14 responses to “Sabotage in Broad Daylight?”

  1. Linda S. says:

    My favorite mental image inspired by the misuse of “literally” is a commercial for insurance.

    A woman says with a big smile, “When I saw the rates, I literally fell out of my chair.”

    Oh, how I wish they had filmed it that way. I would literally fall out of my chair, laughing.

  2. Connie A. says:

    Awesome editorial.
    Thank you.

  3. Meg D. says:

    With your strong feelings about the mis-use of the word “literally,” I thought you might enjoy this (it’s a comedy sketch titled Captain Literally): .

  4. Gordon H. says:

    Heard on NPR: “that’s literally a slippery slope.” I want to know where it is so I can go skiing on it.

  5. Jane L. says:

    Believe me, it will only get worse with each generation. My mother was a teacher in the Depression era, and at age 90 she decried the lack of knowledge of grammar, spelling, punctuation, and pronunciation among those who are the reporters, editors, and talking heads—all of whom are now arbiters of the English language.

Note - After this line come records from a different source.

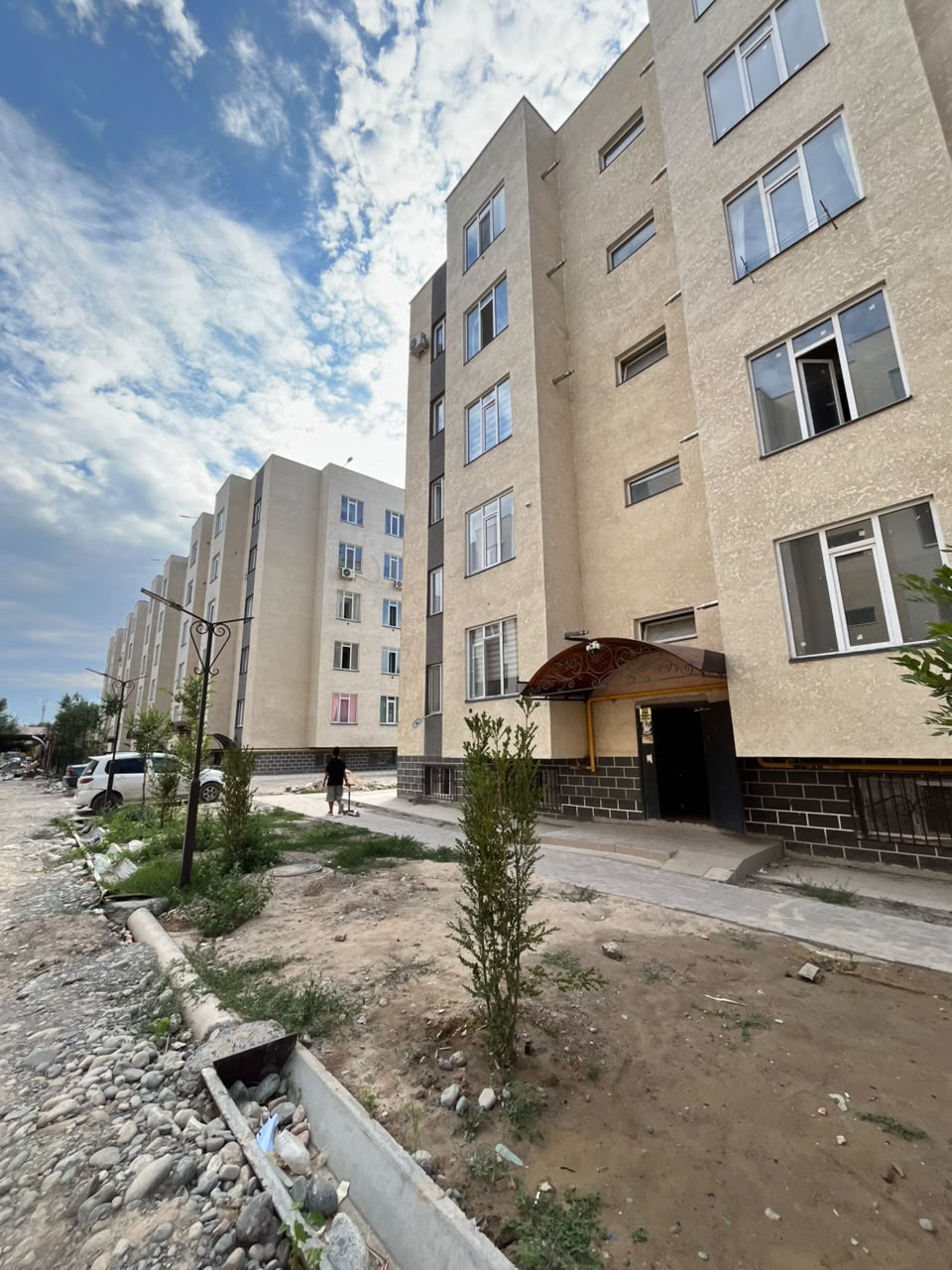 Элитка, 1 ком, 44 м2, этаж 5/5, ж/к ЖК Солнечный Квартал, Сост: Сдан ПСО - фото 4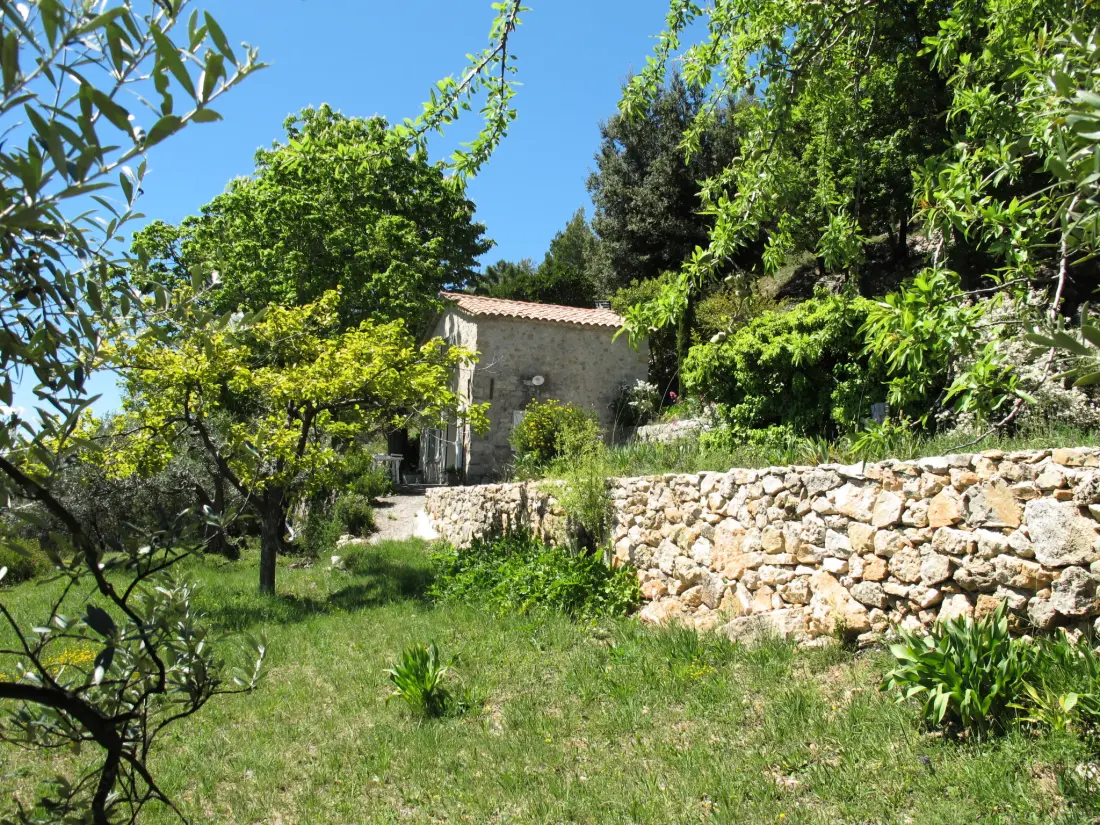 Maison de Vacances Draguignan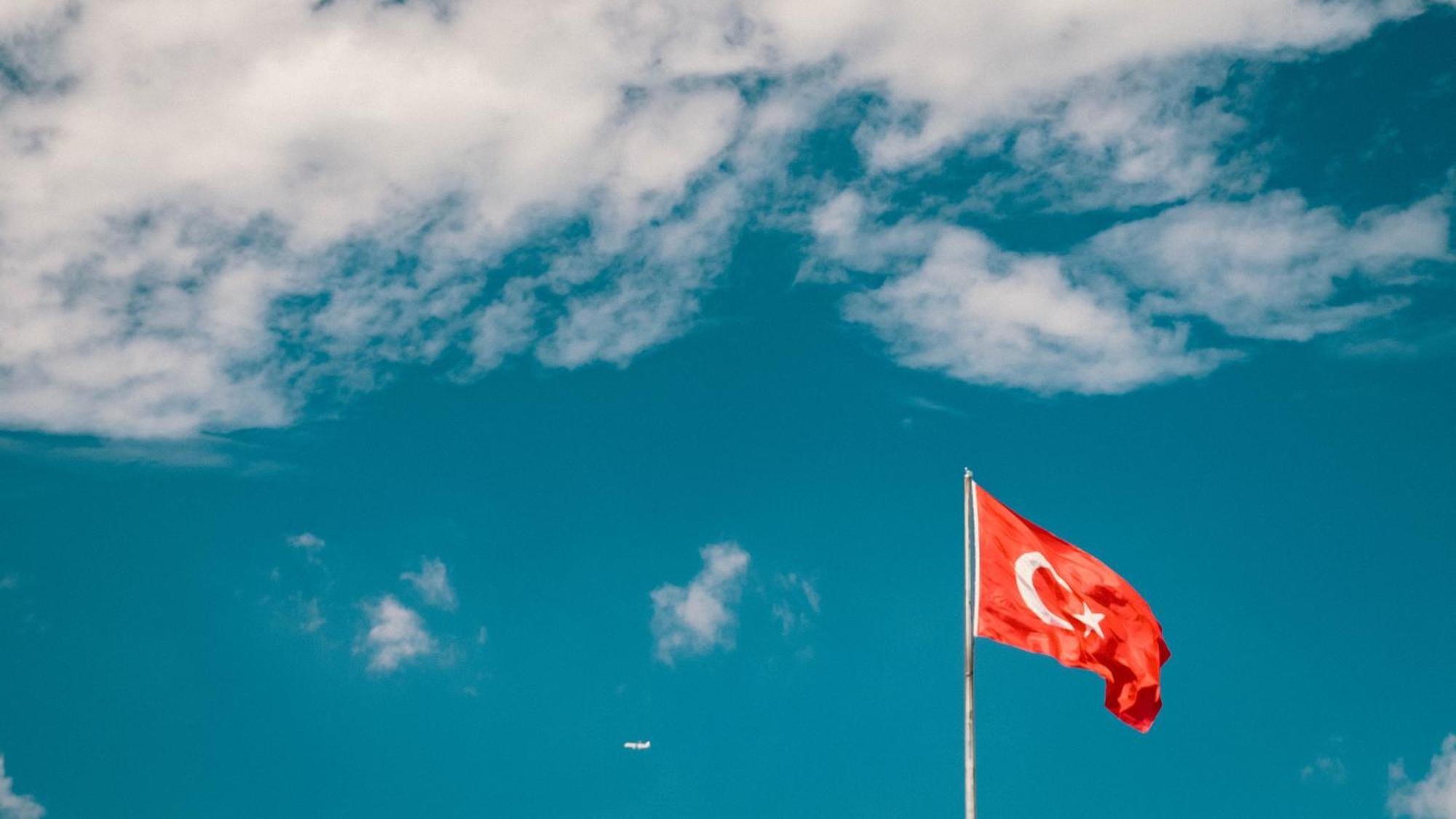 Hotel Estambul ภายนอก รูปภาพ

    But, I’m an editor . . . and a diehard: I will not succumb to the practices that are rampant in print, radio, and television today.

    Thank you for your stance on this subject.

  6. A.R. says:

    Google does not define words – have a look at and note the comment there about Google.

  7. Lyrysa S. says:

    re: Literally
    Please see Merriam Webster recent article on “literally.” It has been in the dictionary in both senses since 1909.

    • Jane says:

      Merriam-Webster is by its own philosophy descriptive (they describe the language people are using), not prescriptive. American Heritage is a prescriptive dictionary, with a usage panel of scholars, and it would not acknowledge the corruption of “literally” without a brief essay explaining this decision. (Don’t expect American Heritage to do this anytime soon.)

  8. M.J. F. says:

    Oh, dear… that’s discouraging! We corresponded about just this a couple of months ago, and I hate to see it “legitimized” by Google.

    But wait… M-W says the same thing! I am really upset about those guys! Google may not know better, but the descendants of Noah Webster s/b ashamed!

    Definition of LITERALLY
    : in a literal sense or manner : actually
    : in effect : virtually
    See literally defined for English-language learners »
    See literally defined for kids »
    Usage Discussion of LITERALLY
    Since some people take sense 2 to be the opposite of sense 1, it has been frequently criticized as a misuse. Instead, the use is pure hyperbole intended to gain emphasis, but it often appears in contexts where no additional emphasis is necessary.

    I don’t buy their hyperbole excuse, either!